All DRs use the address pattern `ucxl://council-api:lead-api-architect@DistOS:api/^^/decisions/{dr-id}.md`.

### DP-A01: POSIX vs. Clean-Slate vs. Layered

The foundational design philosophy choice. The default recommendation is the layered model, but this must be validated against: the cost of maintaining the shim layer, the risk of semantic leakage from POSIX into the clean-slate layer, and the developer familiarity benefit.
**Deciding parties:** Lead API Architect, POSIX Compatibility Analysts, `council-synth`

### DP-A02: Async System Call Mechanism

Choose between: io_uring-inspired ring buffer (lowest overhead, Linux precedent), a POSIX-extended `aio_*` interface (familiarity, limited expressiveness), or a fully custom completion port model. This decision is tightly coupled to the `council-mem` memory model (the ring buffer requires shared memory between kernel and userspace).
**Deciding parties:** Async API Specialists, `council-mem`, `council-verify` (for ABI safety check)
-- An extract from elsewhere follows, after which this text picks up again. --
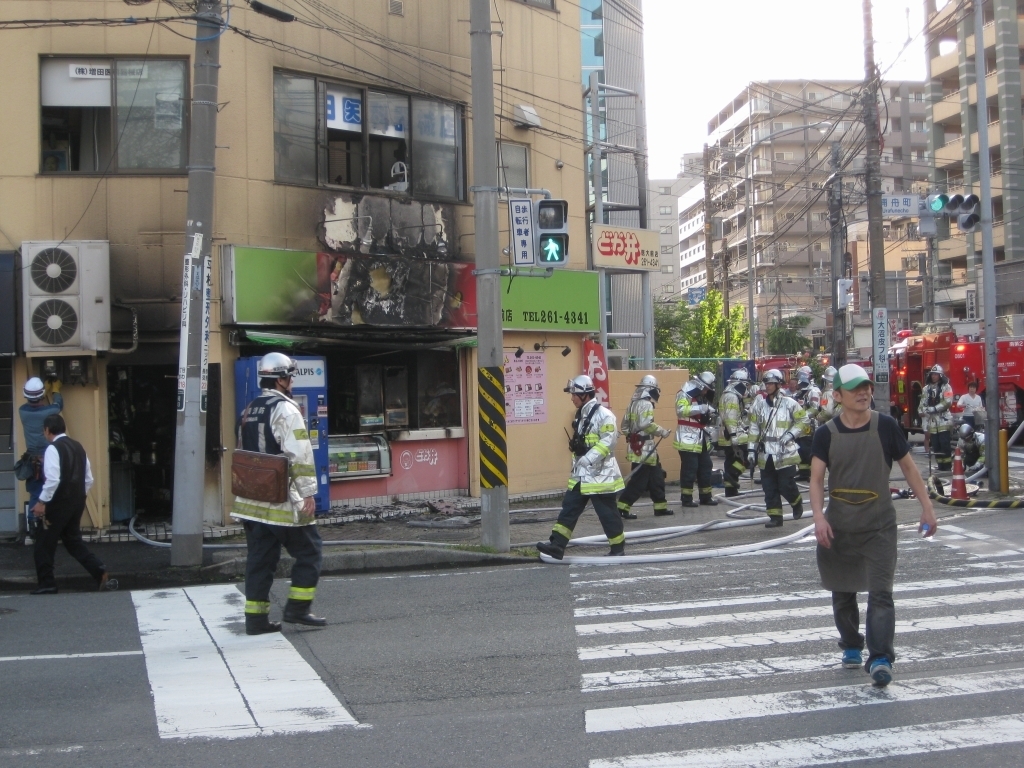 あっとほーむデスク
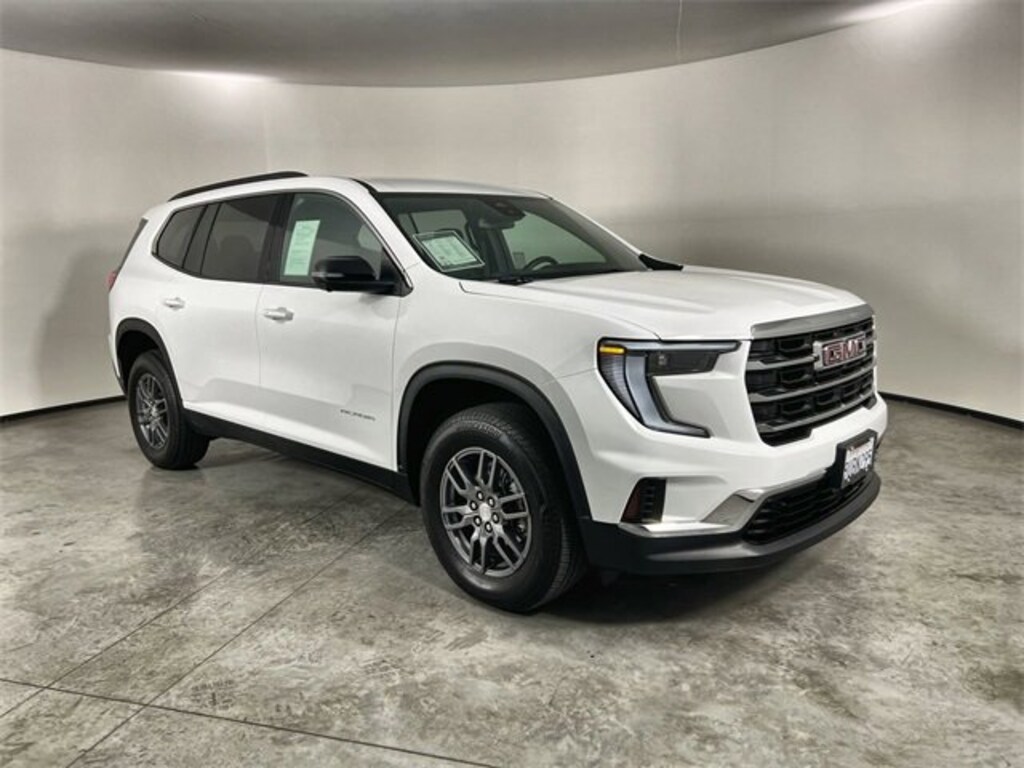 Used 2025 GMC Acadia Elevation SUV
### DP-A03: GPU Memory API at the Syscall Layer vs. Library Layer

Should GPU memory allocation (`cuMemAlloc` equivalent) be a kernel-mediated system call (allowing the OS to account for and schedule GPU memory as a first-class resource) or a library call that bypasses the kernel after initial device setup? Kernel mediation adds latency; bypass reduces accounting fidelity.
**Deciding parties:** GPU Syscall Designers, `council-mem`, `council-telemetry`

### DP-A04: RPC Mechanism for Distributed System Calls

Choose the wire protocol for remote procedure calls: gRPC (typed, HTTP/2, mature), a custom binary protocol over RDMA (lowest latency, highest implementation cost), or a two-tier model (gRPC for control plane, RDMA for data plane). The choice directly affects the latency budget for distributed system calls.
**Deciding parties:** Distributed Syscall Designers, `council-net`

### DP-A05: SDK Code Generation vs. Hand-Written Wrappers

Decide whether to generate the Rust, Go, and Python SDKs from a schema definition (IDL, such as Protocol Buffers or a custom DSL) or maintain hand-written wrappers. Generated code is more consistent; hand-written code can be more idiomatic. A hybrid (generate the boilerplate, hand-write ergonomic wrappers) is the likely outcome.
**Deciding parties:** SDK Designers, API Versioning Strategists

### DP-A06: Authentication and Authorisation API

How does a process prove its identity to the kernel and acquire capabilities? Options: token-based (JWT or similar), capability handles (Zircon model), certificate-based (X.509 with a cluster CA), or UCXL-scoped credentials. This decision must be made jointly with `council-sec`.
**Deciding parties:** Lead API Architect, `council-sec`

---

## 6. Dependencies on Other Councils

`council-api` is the integrating council: every subsystem council produces functionality, and `council-api` exposes that functionality through a coherent surface. It is therefore a downstream consumer of requirements from all councils and an upstream provider to `council-docs` and `council-verify`.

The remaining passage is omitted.